- [Records for the task]:
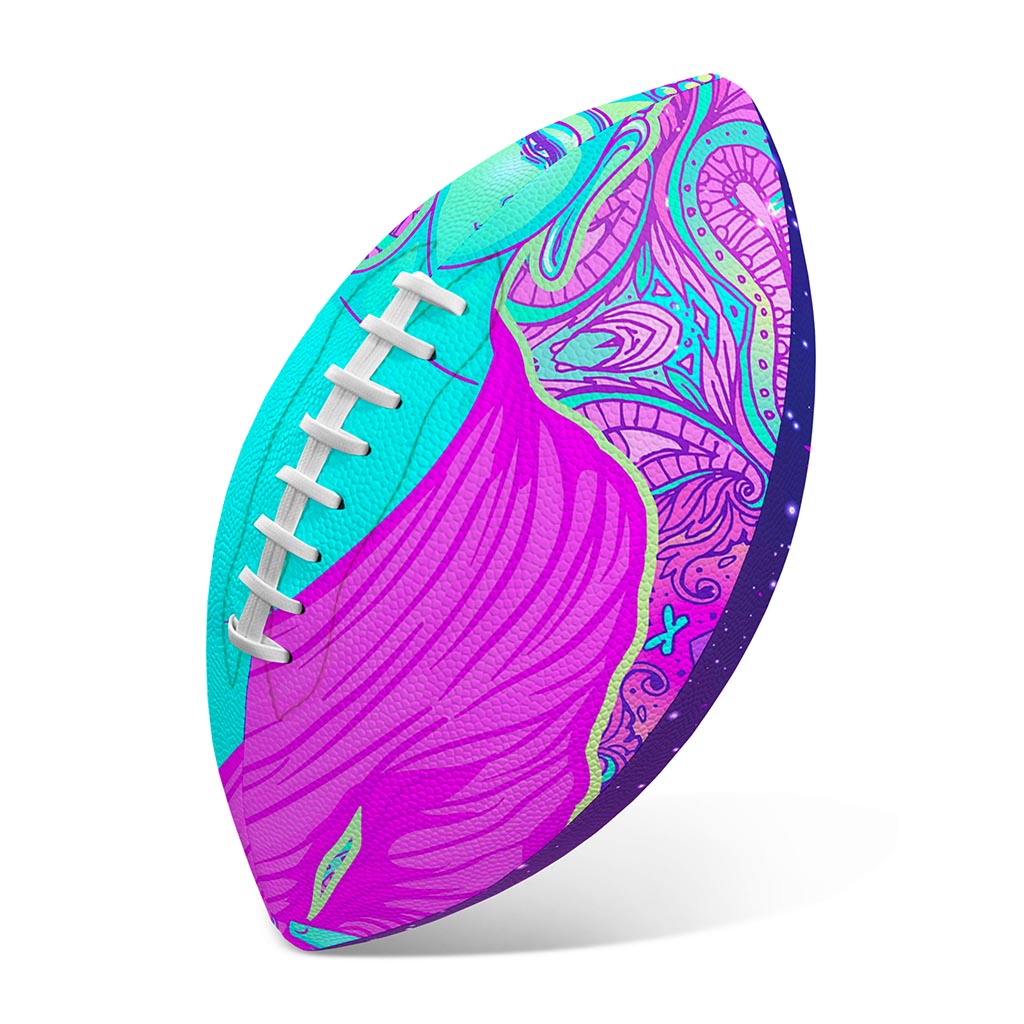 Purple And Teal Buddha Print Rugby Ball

==

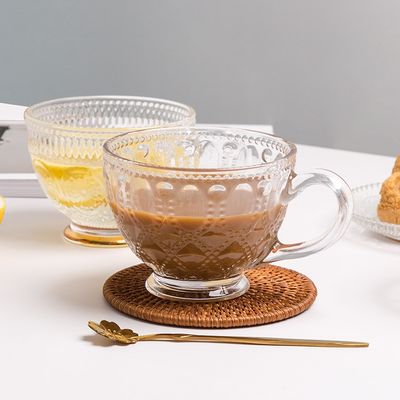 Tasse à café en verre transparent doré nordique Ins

--

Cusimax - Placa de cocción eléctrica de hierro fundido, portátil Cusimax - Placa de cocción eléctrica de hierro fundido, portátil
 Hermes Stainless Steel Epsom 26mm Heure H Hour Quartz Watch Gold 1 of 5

- [Work instructions]:
Return, unchanged, the run of lines above that opens with the line containing "fundido, portátil Cusimax" and closes with the line containing "Hermes Stainless Steel". Include both.

- [Result of the exercise]:
Cusimax - Placa de cocción eléctrica de hierro fundido, portátil Cusimax - Placa de cocción eléctrica de hierro fundido, portátil
 Hermes Stainless Steel Epsom 26mm Heure H Hour Quartz Watch Gold 1 of 5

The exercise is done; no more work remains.